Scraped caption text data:
Start of Block

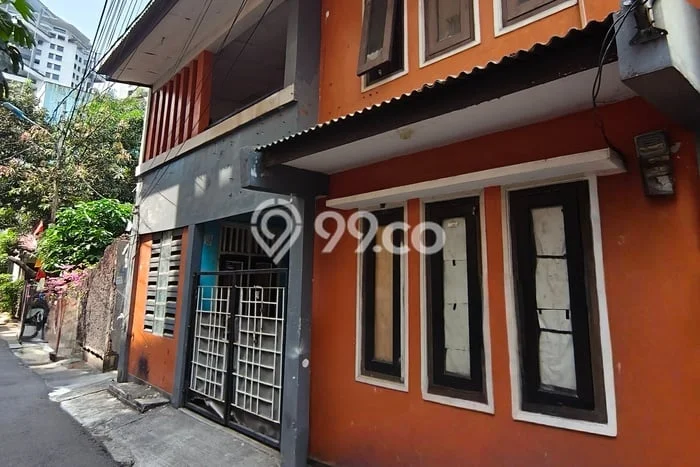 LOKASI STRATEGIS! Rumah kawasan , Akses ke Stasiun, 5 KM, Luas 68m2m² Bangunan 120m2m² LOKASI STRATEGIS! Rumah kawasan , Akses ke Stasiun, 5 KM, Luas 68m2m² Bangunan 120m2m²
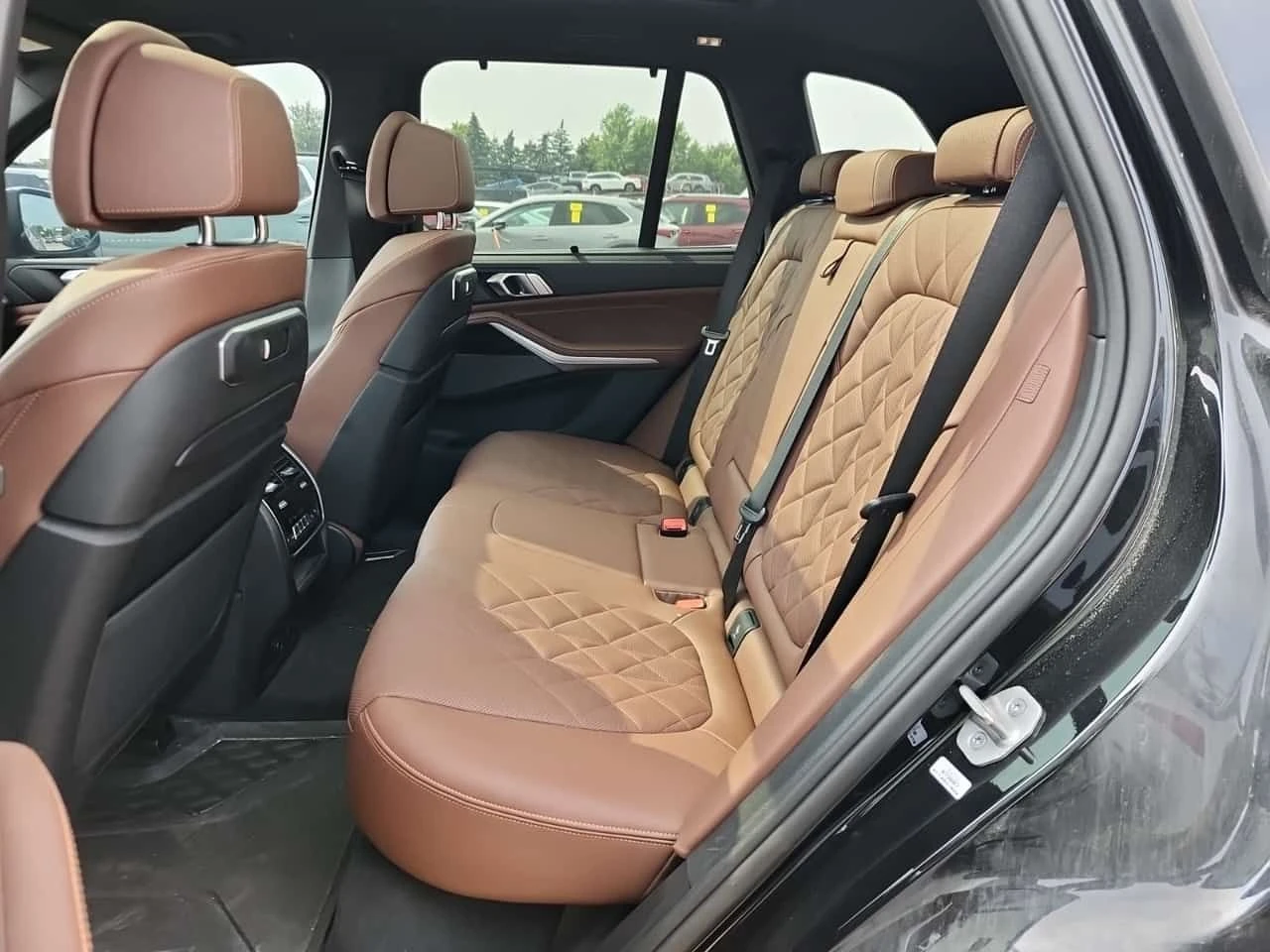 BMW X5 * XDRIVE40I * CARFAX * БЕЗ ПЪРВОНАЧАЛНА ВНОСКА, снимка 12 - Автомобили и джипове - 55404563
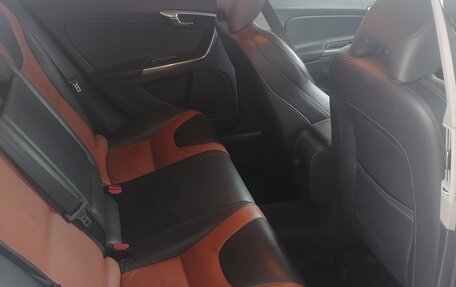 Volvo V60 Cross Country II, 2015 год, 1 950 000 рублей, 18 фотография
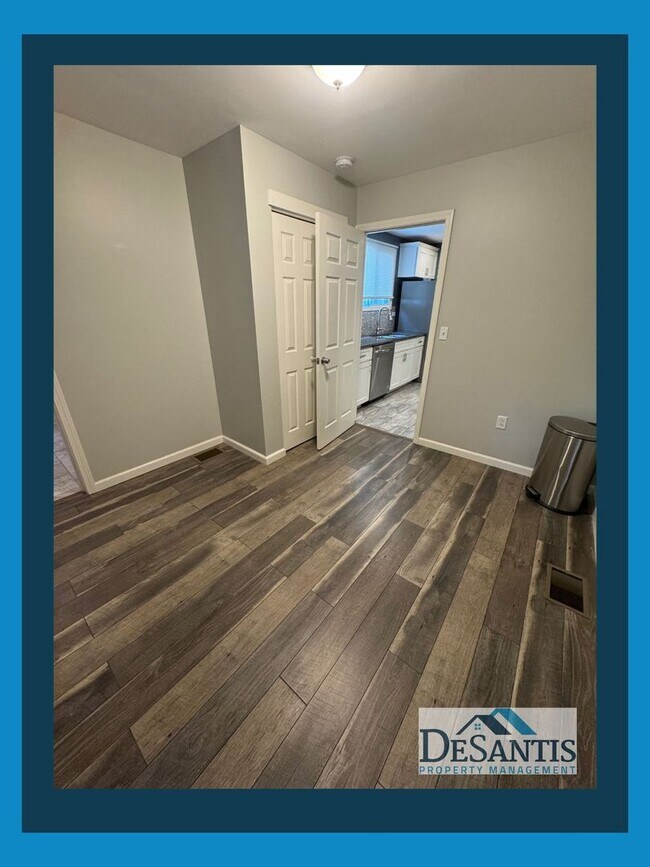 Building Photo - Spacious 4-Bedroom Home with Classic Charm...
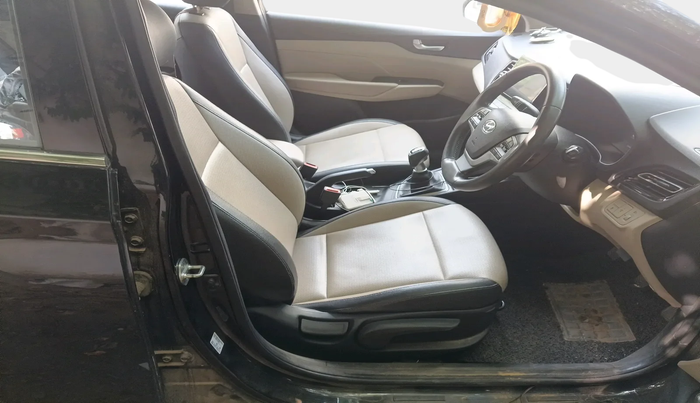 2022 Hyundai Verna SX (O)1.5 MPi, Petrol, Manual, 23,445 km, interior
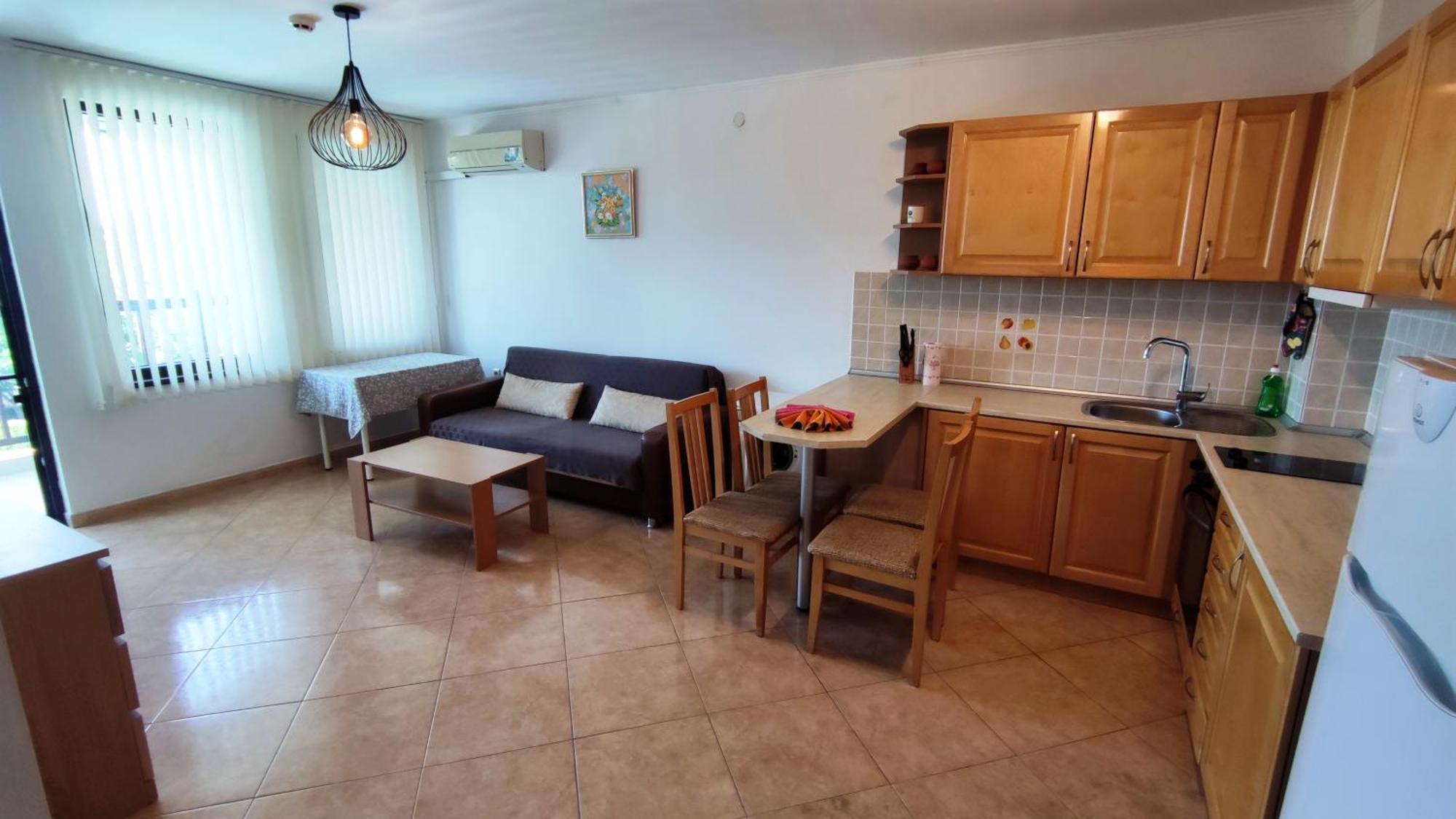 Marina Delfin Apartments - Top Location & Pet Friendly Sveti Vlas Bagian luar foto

End of Block

What is being asked:
Exact copies of all the entries are needed; output them without the pictures.

Answer to this exercise:
 LOKASI STRATEGIS! Rumah kawasan , Akses ke Stasiun, 5 KM, Luas 68m2m² Bangunan 120m2m² LOKASI STRATEGIS! Rumah kawasan , Akses ke Stasiun, 5 KM, Luas 68m2m² Bangunan 120m2m²
 BMW X5 * XDRIVE40I * CARFAX * БЕЗ ПЪРВОНАЧАЛНА ВНОСКА, снимка 12 - Автомобили и джипове - 55404563
 Volvo V60 Cross Country II, 2015 год, 1 950 000 рублей, 18 фотография
 Building Photo - Spacious 4-Bedroom Home with Classic Charm...
 2022 Hyundai Verna SX (O)1.5 MPi, Petrol, Manual, 23,445 km, interior
 Marina Delfin Apartments - Top Location & Pet Friendly Sveti Vlas Bagian luar foto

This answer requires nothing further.